PROBLEM
Restate verbatim the span of lines below between the line with "bedroom featuring a" and the line with "Une grande et", including those two lines, and only that span.

AVAILABLE RECORDS

= = = =

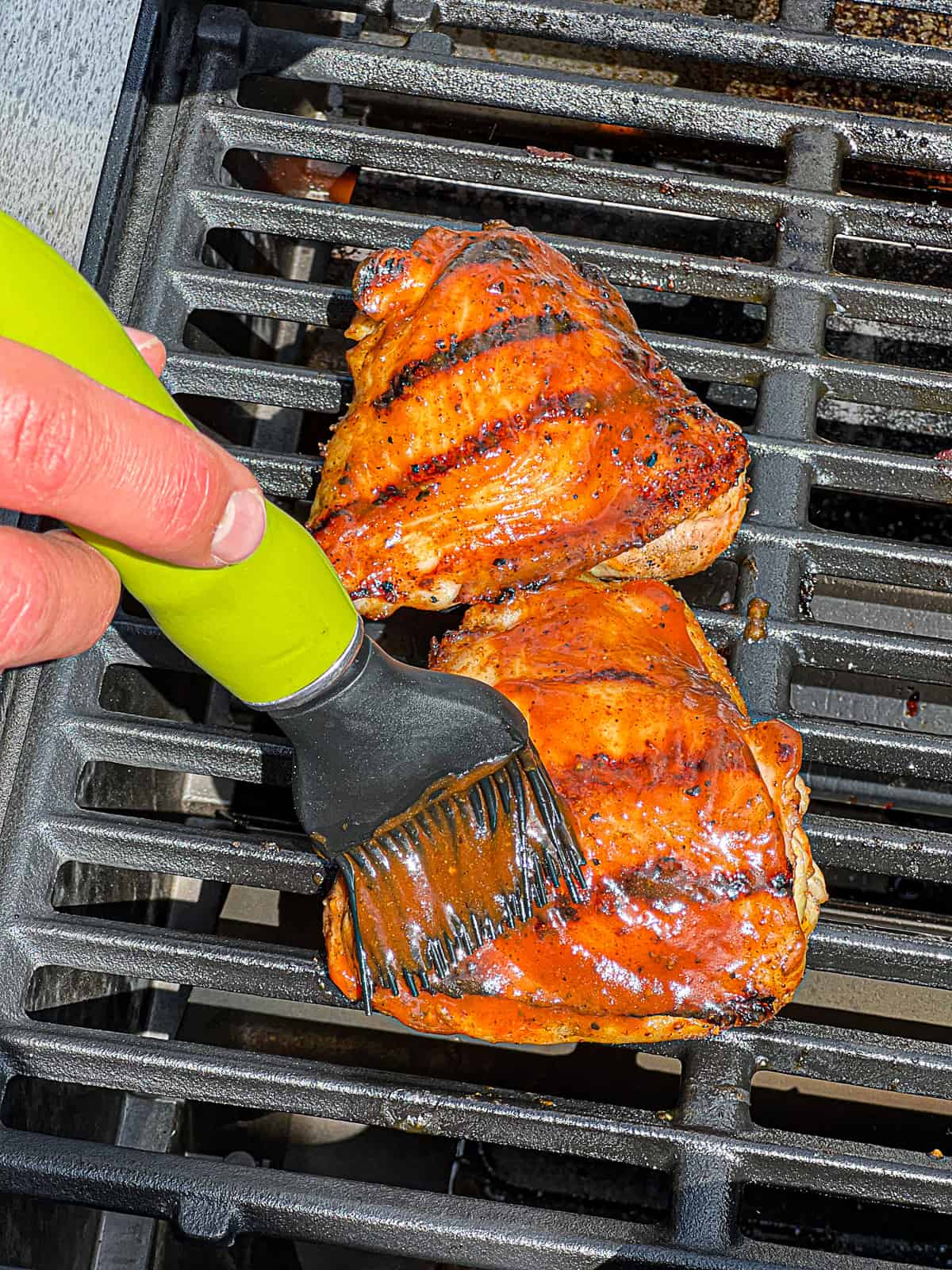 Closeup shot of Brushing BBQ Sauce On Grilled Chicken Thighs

= = = =

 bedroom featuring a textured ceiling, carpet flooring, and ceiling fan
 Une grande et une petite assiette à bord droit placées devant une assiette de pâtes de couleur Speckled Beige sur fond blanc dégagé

= = = =

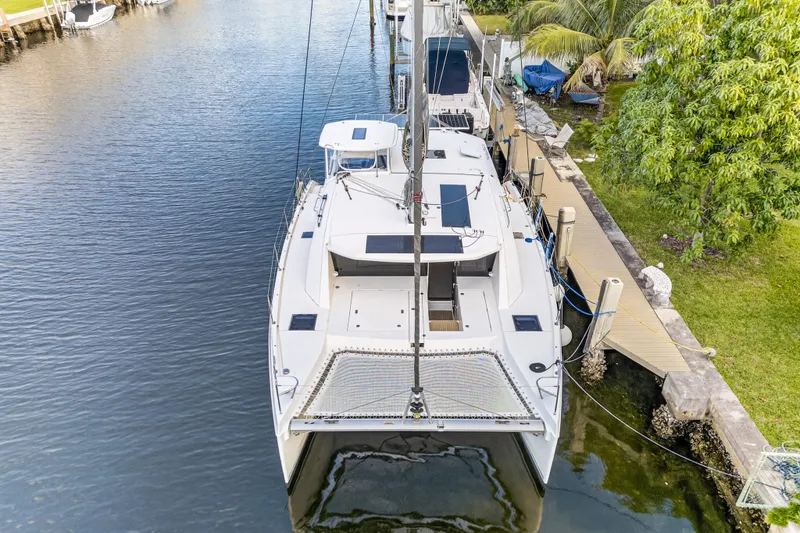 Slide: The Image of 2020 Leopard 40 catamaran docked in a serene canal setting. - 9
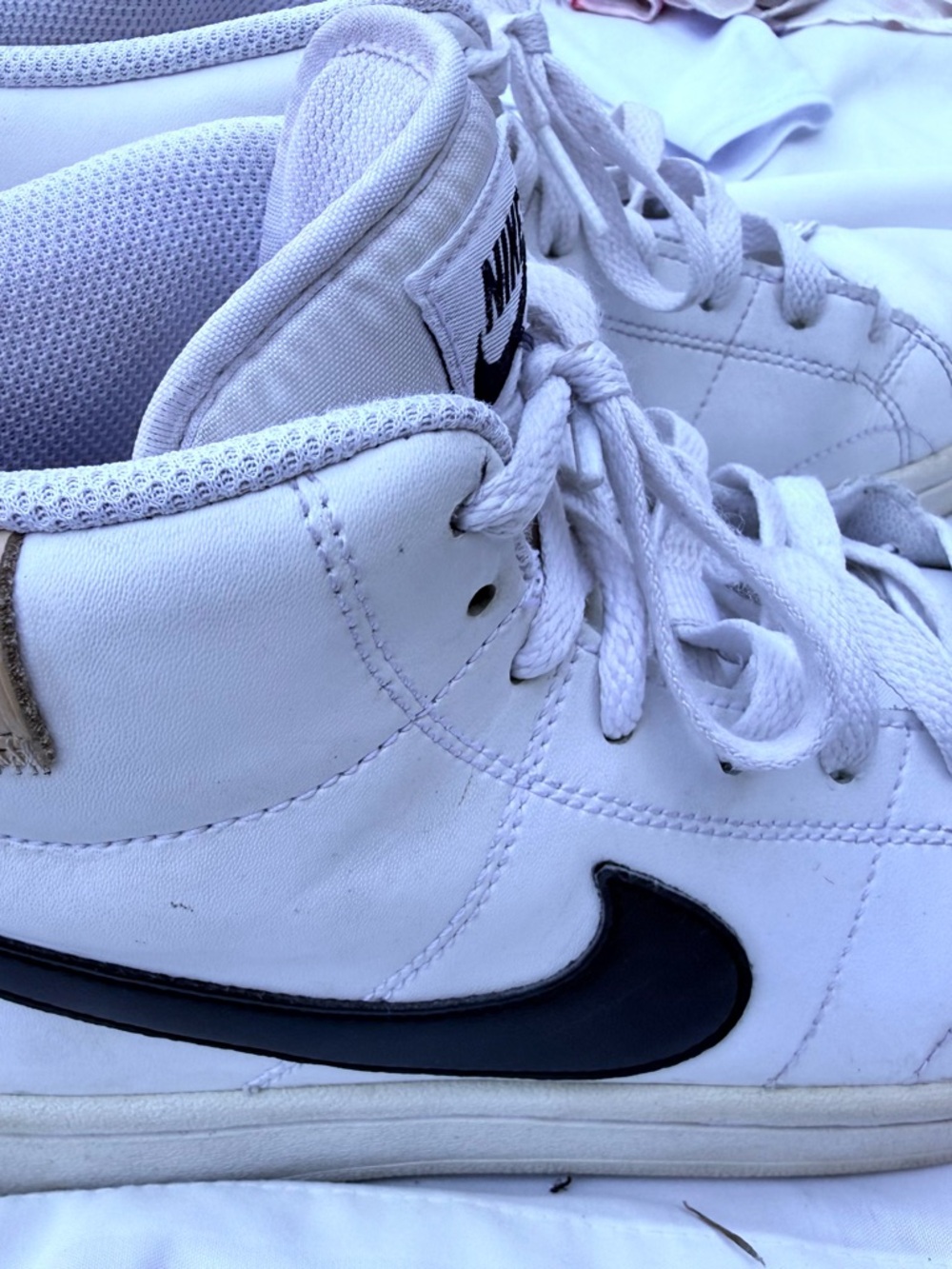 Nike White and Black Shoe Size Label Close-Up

= = = =

ANSWER SECTION
 bedroom featuring a textured ceiling, carpet flooring, and ceiling fan
 Une grande et une petite assiette à bord droit placées devant une assiette de pâtes de couleur Speckled Beige sur fond blanc dégagé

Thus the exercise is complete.